▶ _Saved entries_
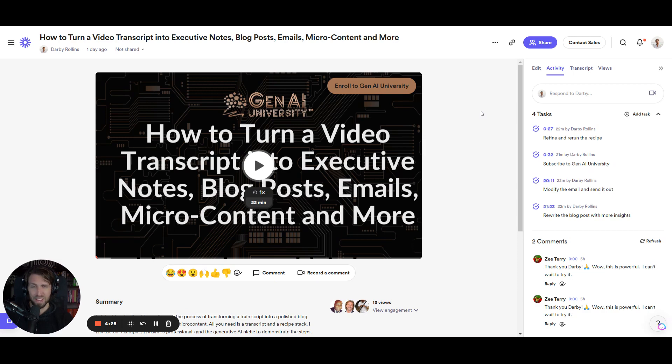Hope you find that helpful. Go ahead and subscribe to JNA AI University on our YouTube channel for more videos like this. Until next time, keep calm and AI on.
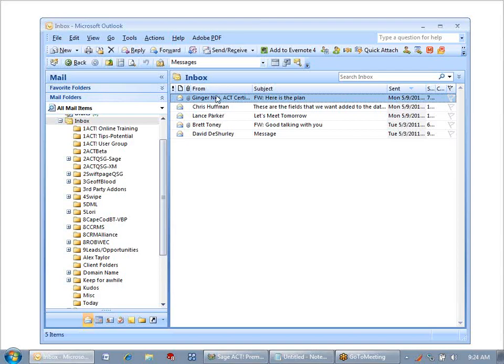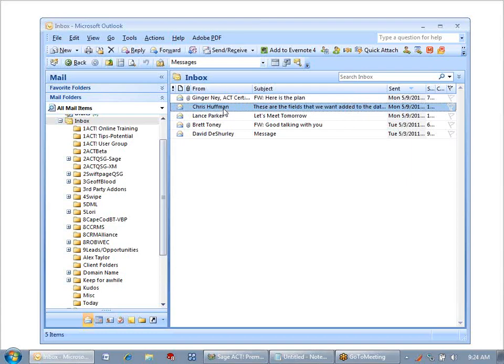I have two messages here that are in my inbox that I need to attach to some contact records. One is from Chris Huffman with instructions for our project together.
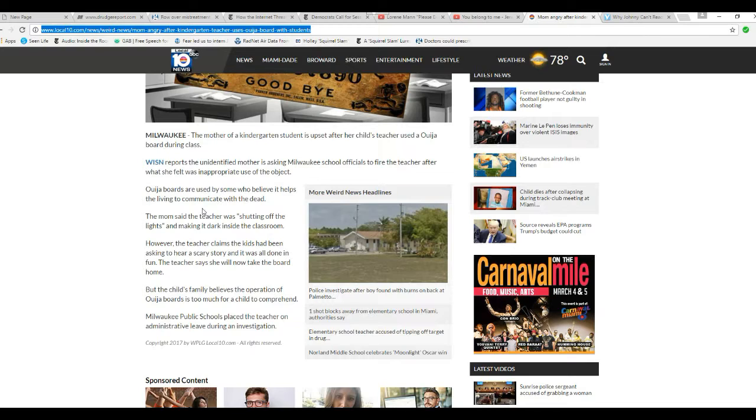Ouija boards are used by some who believe it helps the living to communicate with the dead. Well, no.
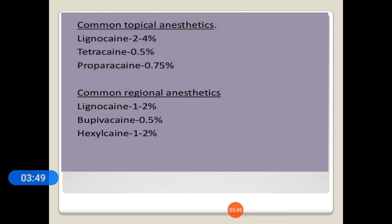Some of these drugs are used as topical anesthetics: lidocaine or lignocaine 2 to 4 percent, tetracaine 0.5 percent, proparacaine 0.75 percent. Common regional anesthetics include lignocaine 1 to 2 percent.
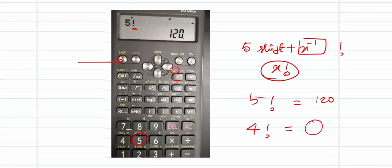I hope this tip has helped you compute NPR, NCR, and factorial easily without any manual calculation. Be smart enough to use your calculator so that you save time in examinations and also ensure correctness in your answers. Thank you very much. Happy learning.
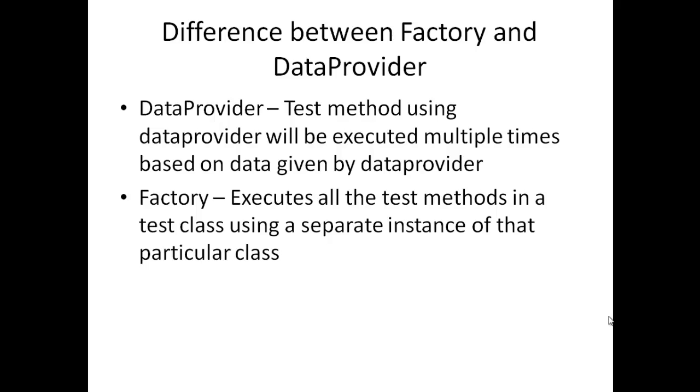Whereas factory - it will execute all the test methods in a test class using separate instance of that class.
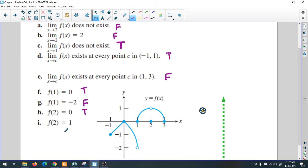f(2) equals 1? No — we said it's 0. The limit is 1, the limit from left and right is 1, but the value of the function is 0. So f(2) equals 1 is false.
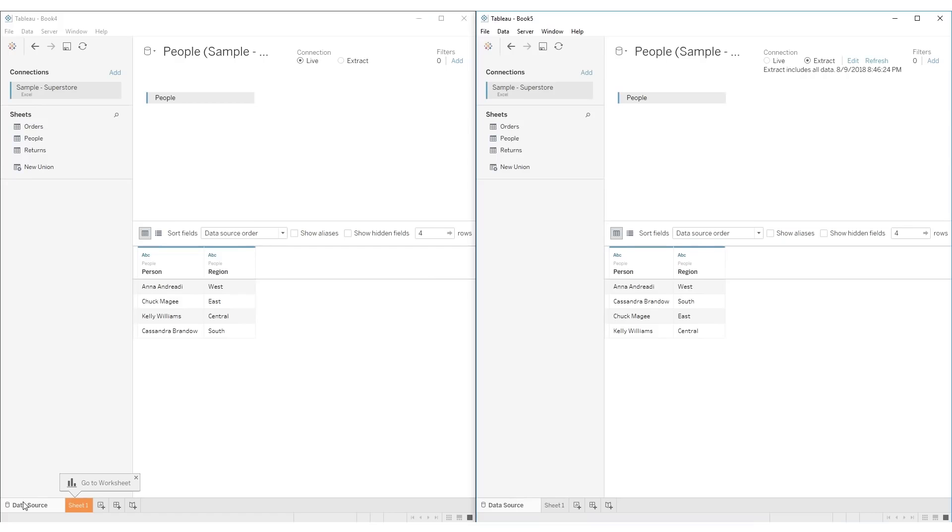Now let's discuss the difference between a live connection and an extract connection. First, it's important to note that these different types of connections are not available in Tableau Public. It's always a live connection.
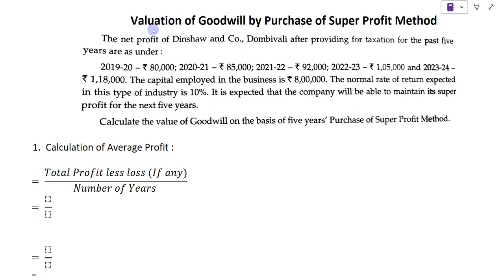We are going to solve valuation of goodwill by purchase of super profit method. To solve this, total we have four steps in this method.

▶ _Directions_
The expected output is the lines above from the one containing "Some of these" to the one containing "Now let's discuss", both ends included, reproduced exactly with every picture left out.

▶ _Result of this exercise_
Some of these drugs are used as topical anesthetics: lidocaine or lignocaine 2 to 4 percent, tetracaine 0.5 percent, proparacaine 0.75 percent. Common regional anesthetics include lignocaine 1 to 2 percent.
I hope this tip has helped you compute NPR, NCR, and factorial easily without any manual calculation. Be smart enough to use your calculator so that you save time in examinations and also ensure correctness in your answers. Thank you very much. Happy learning.
Whereas factory - it will execute all the test methods in a test class using separate instance of that class.
f(2) equals 1? No — we said it's 0. The limit is 1, the limit from left and right is 1, but the value of the function is 0. So f(2) equals 1 is false.
Now let's discuss the difference between a live connection and an extract connection. First, it's important to note that these different types of connections are not available in Tableau Public. It's always a live connection.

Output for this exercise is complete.